Sure, I’ve made many Chinese meals, but the truth is I am just following recipes. Now is the time to give the great art form that Chinese cuisine is its due. I’m going to learn to cook Chinese food as it should be, with respect to tradition and culture. To do that, I will be doing research and experimentation right before your eyes. I encourage your input, comments, secrets, and recipes, on my Chinese cooking education journey.
This is what I know today:
The art of Chinese cooking is thousands of years old, and steeped in tradition.
There are four major schools of Chinese cuisine:
MANDARIN: Northern
Wheat flour is the staple. This style is known for its noodles, dumplings, and steamed breads. Mandarin style consists of lighter foods and barbequed meats.
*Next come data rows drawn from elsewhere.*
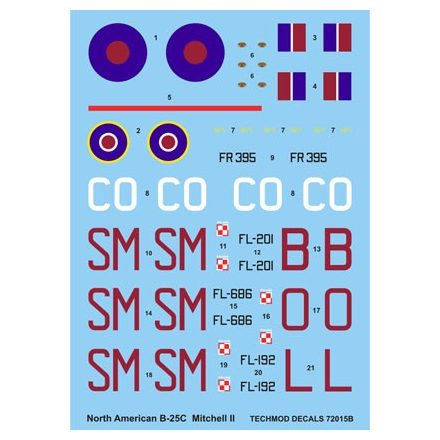 Techmod North American B-25C Mitchell II matrica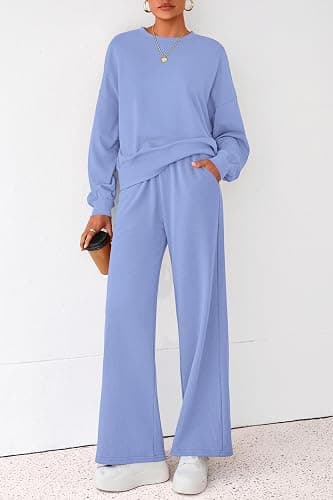 PRETTYGARDEN Women 2 Piece Outfits 2025 Fall Sweatsuits Crewneck Sweatshirt Wide Leg Sweatpants Lounge Sets Tracksuit thumbnail 3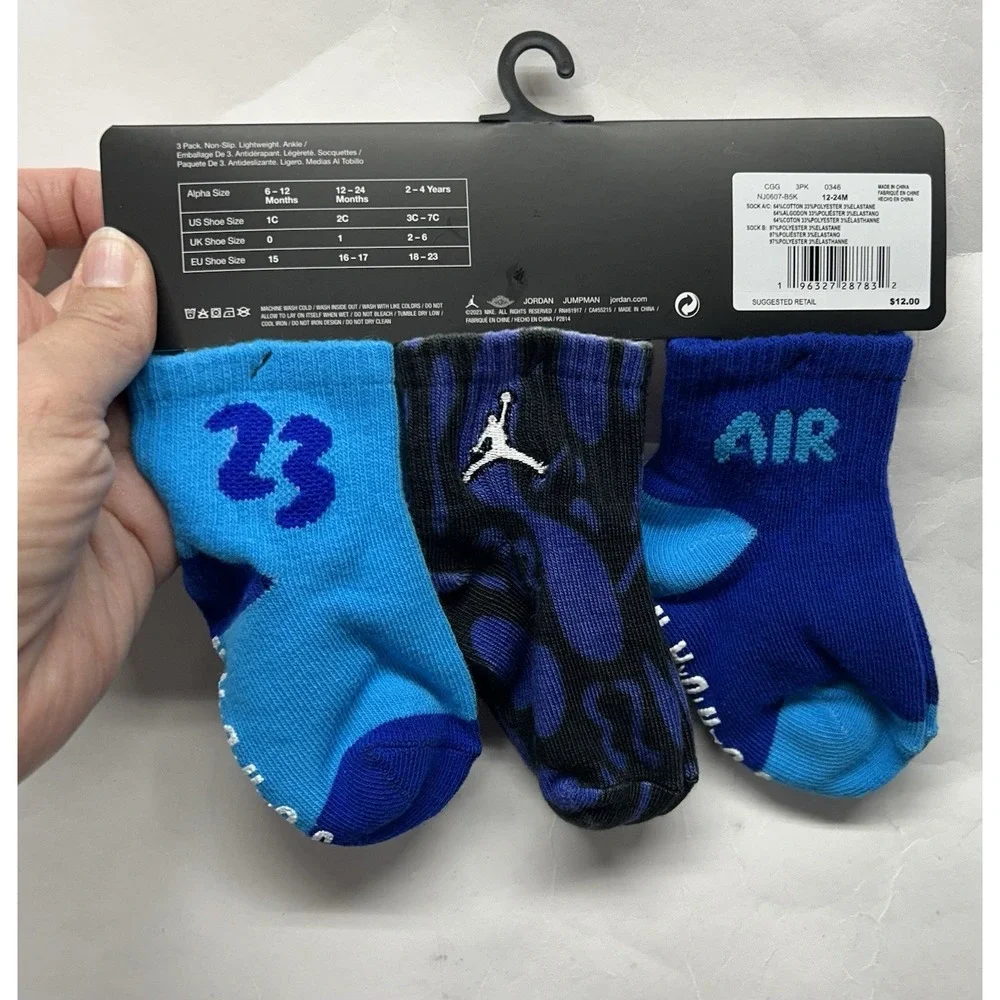 Nike Air Jordan Infant 12-24months Blue (3 Pack) Non Slip Socks (C1)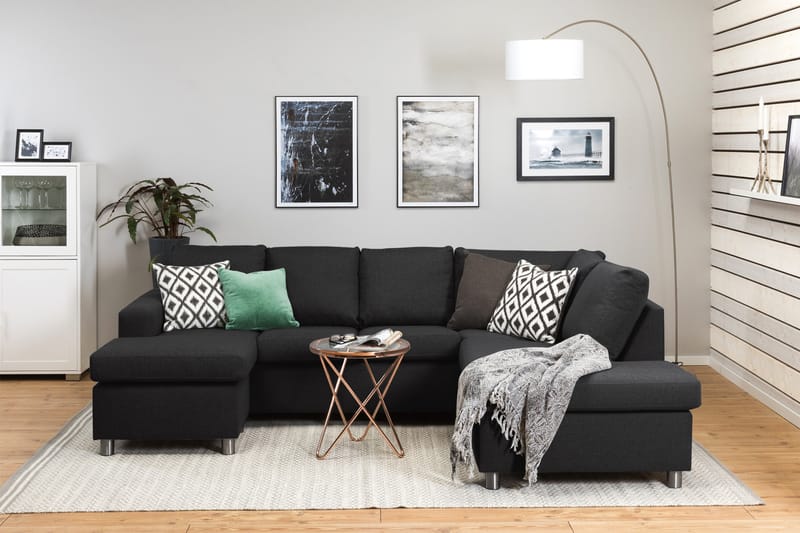 Crazy 4-seters Høyrevendt U-formet Large Sofa med Divan og Sjeselong i Stoff - Antrasitt - Møbler - Sofaer - Sofaer med sjeselong - 3 seters sofa med divan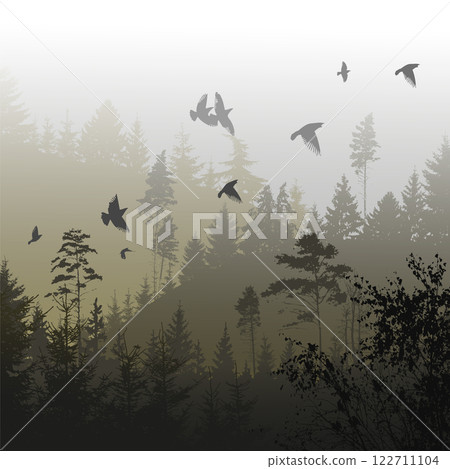 Mountain fog nature background with birds. hand drawing. Not AI Vector illustration 122711104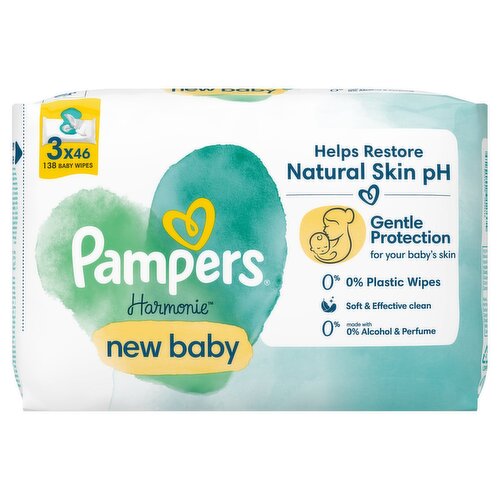 Pampers Harmonie New Baby 0% Plastic Baby Wipes 3 Pack (46 Piece)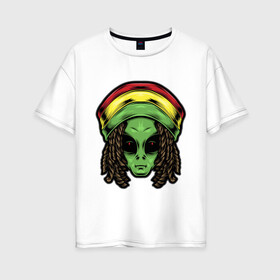 Женская футболка хлопок Oversize с принтом Reggae alien , 100% хлопок | свободный крой, круглый ворот, спущенный рукав, длина до линии бедер
 | alien | волосы | инопланетянин | кепка | нло | пришелец | растаман | регги | хипстер | шляпа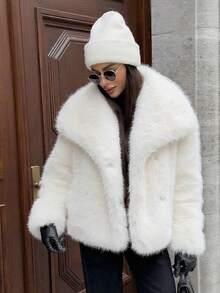 Áo khoác lông giả HH dành cho nữ, kiểu dáng thanh lịch, cổ ve lật, tay dài, phong cách thường ngày, dáng rộng, thích hợp cho mùa đông, kiểu dáng oversized, thời trang đường phố, màu trắng. - trắng - Xem 5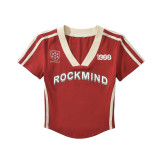 Color blocked V-neck short sleeved sports T-shirt
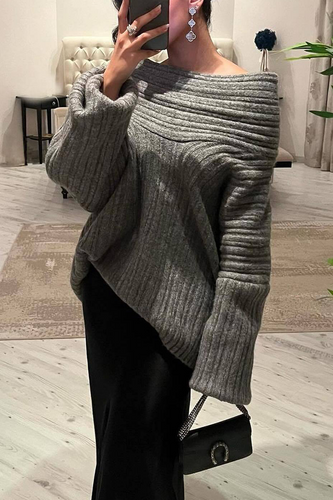 Heidi-Mode | Solide Farbe Unregelmäßige Potholes Off Shoulder Sweater - 5 Farben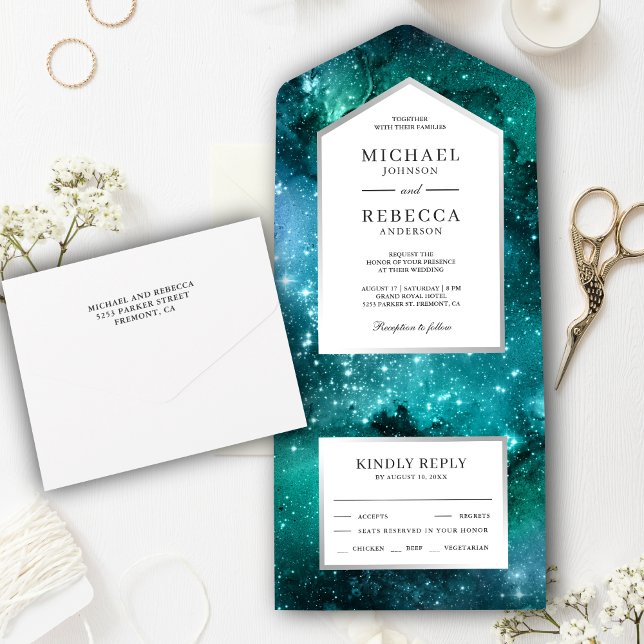 Invitación Todo En Uno Outer Space Starry Universe Teal Galaxy Wedding (Subido por el creador)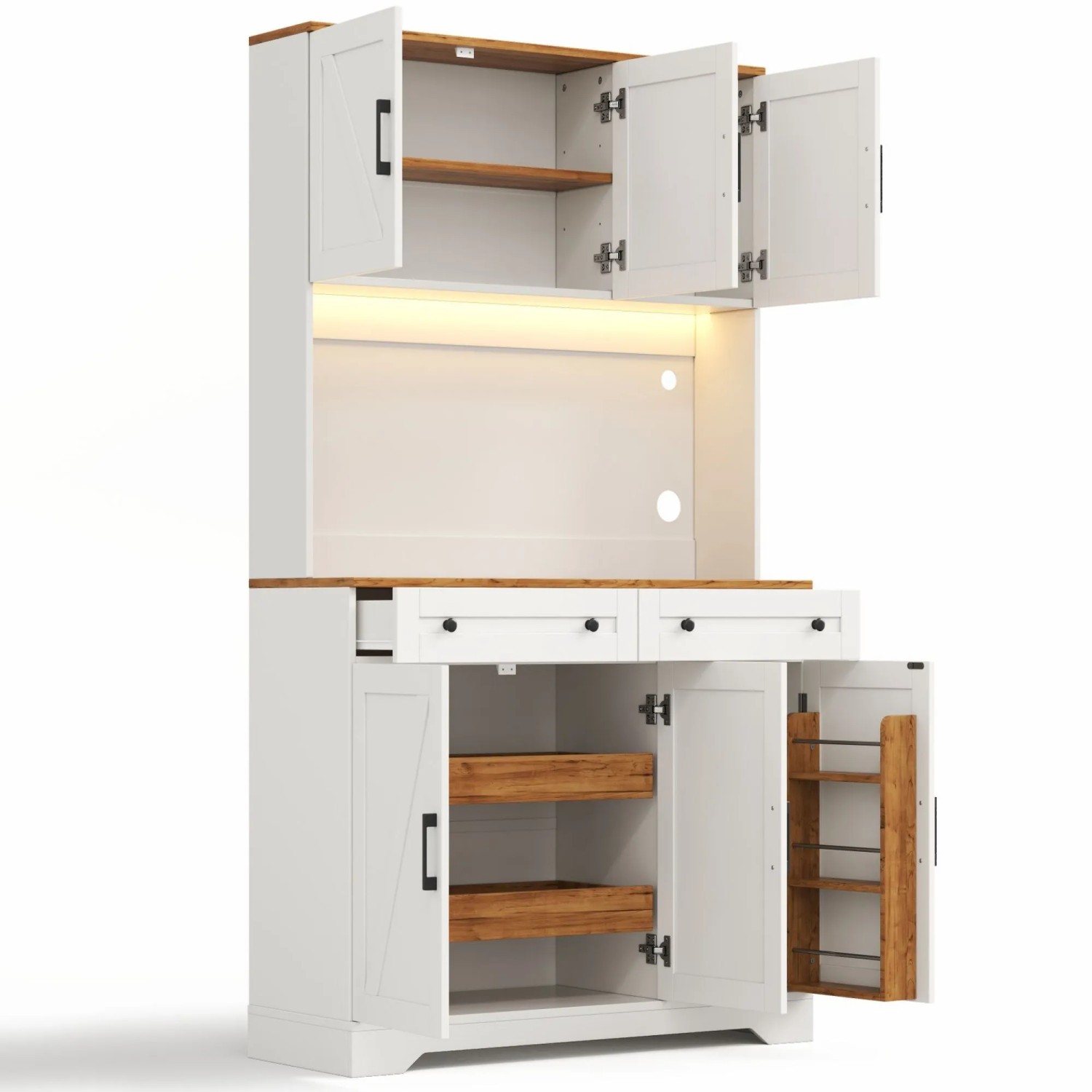 Merax Küchenschrank 180x100x40 cm LED Steckdosen Ausziehbarer Organizer Türablage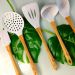 Conjunto 5 Talheres De Silicone Cabo Bambu Marmorizados Colher Soho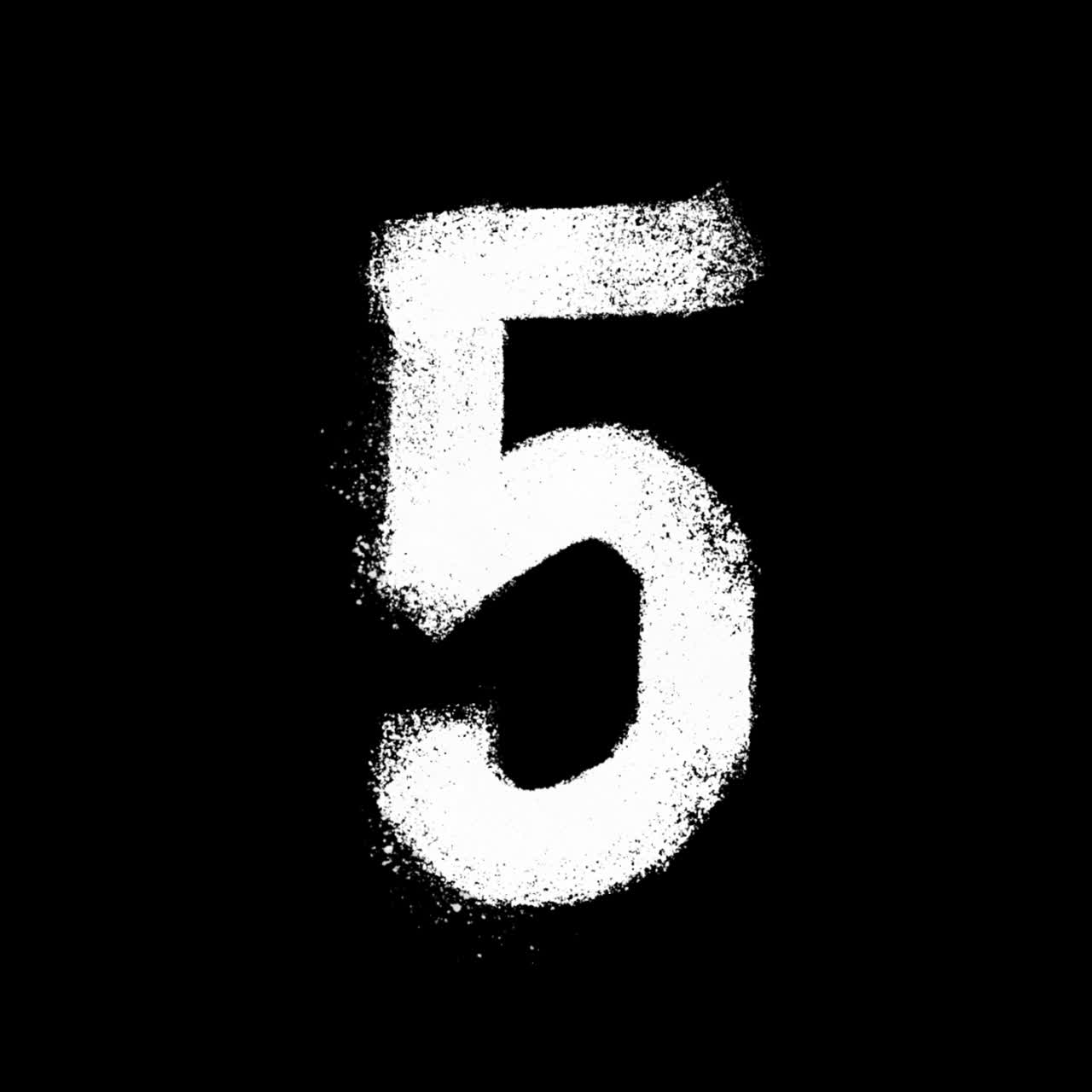 Animated White Spray Paint Number 5 on Black Background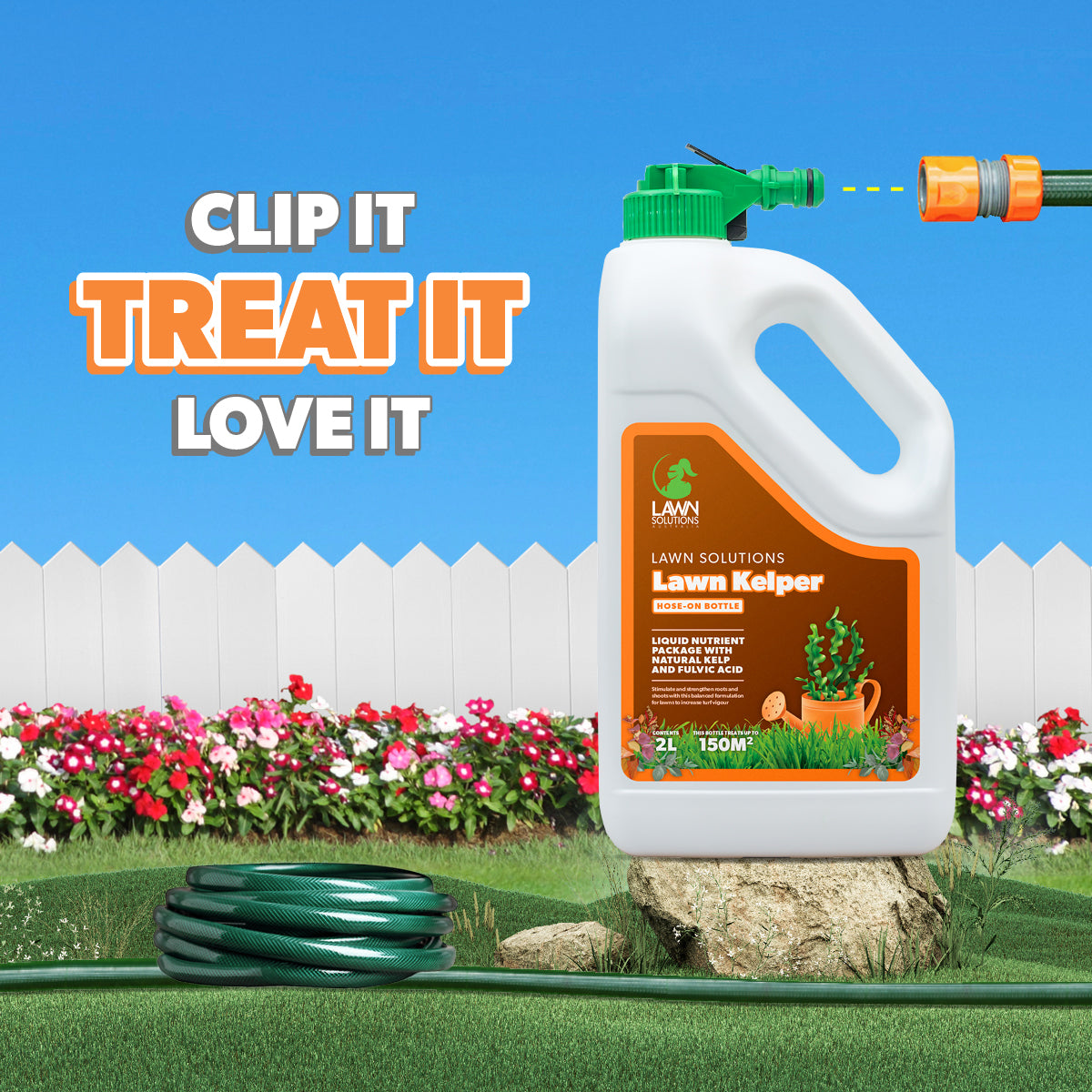 Lawn Kelper 2L  liquid lawn treatment with kelp, trace elements, and fulvic acid to strengthen roots, boost growth, and enhance lawn colour.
The most famous being Peking Duck.
SHANGHAI: Coastal
This style uses a lot of soy sauce, stewed dishes, and cooked seafood. Bird’s Nest Soup is very popular from this area.
SZECHUAN: Inland
Hot and spicy! Beef, duck and pork, with liberal amounts of small red chilies and Szechuan peppers make this one unique.
CANTONESE: Southern
Major league stir-frying goes on here. What most of America knows and cooks: egg rolls, egg foo young, barbequed pork, etc…
Please let me know what you know. This is going to be fun!